The area's most recent hurricane, Charley, blew through in 2004. The category 4 storm was originally projected to storm straight into Tampa, but made a last-minute change of direction, hitting about 130 miles south. It brought 150 mph winds and caused $15 billion in damages.
The Republican National Convention, Secret Service and federal, state and local authorities have been planning for a "multitude" of hurricane scenarios for "well over a year," said Bryan Koon, Florida's emergency management director.

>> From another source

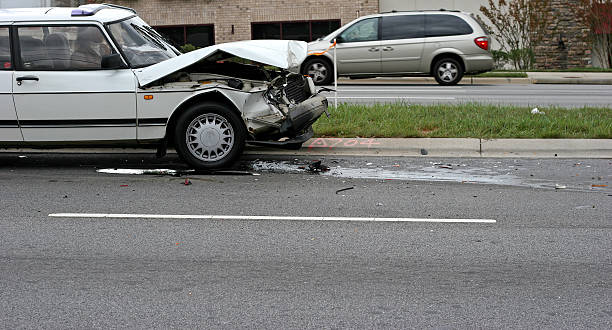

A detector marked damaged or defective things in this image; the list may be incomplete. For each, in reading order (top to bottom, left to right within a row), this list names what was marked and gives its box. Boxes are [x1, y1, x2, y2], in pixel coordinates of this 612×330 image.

RNC spokesman James Davis would not give details of those plans, saying only that they are "focused completely on having a great convention."
"Anything can happen and there are certainly things outside of your control, but we are comfortable we have the contingency plans in place," Davis said.
As far as bad weather goes, a hurricane is "the largest threat" to the convention, Koon said.
"But it's not the most likely," he said. "A severe thunderstorm that produces lightning or 90-plus degree days with high humidity are far more likely but their impact is far less."
While the RNC would not divulge much information about contingency plans, Koon said the planning groups have discussed cutting the convention short or "whatever would be necessary" to keep people safe "given the circumstances of that particular storm."
About 50,000 delegates, journalists and protestors are expected to flock to Tampa to witness Mitt Romney become the official Republican presidential nominee. But Koon said the visitors make up only a "small part of what the overall effort would be "if a hurricane approached.
"It adds a wrinkle to what we do," Koon said. "As size of gatherings go, the RNC is not one of the largest we have to deal with. It's something we can incorporate to how we do business."
Republicans have held their nomination convention in hurricane-prone cities four times in the past 50 years, and all of them went off without a weather catastrophe. But 13 years after GOP delegates filled Houston's Astrodome, Hurricane Rita rocked its exterior and refugees from Hurricane Katrina filled its field.
Seventeen years before America's deadliest hurricane smashed into New Orleans, Republicans descended on the city for their 1988 convention.
So how likely is it that Mother Nature's fury with collide with Republican's political frenzy?
"The odds of getting a hurricane at any one place at any one time are not that great," Feltgen said. "Life doesn't stop because you're hurricane prone. You just prepared for it."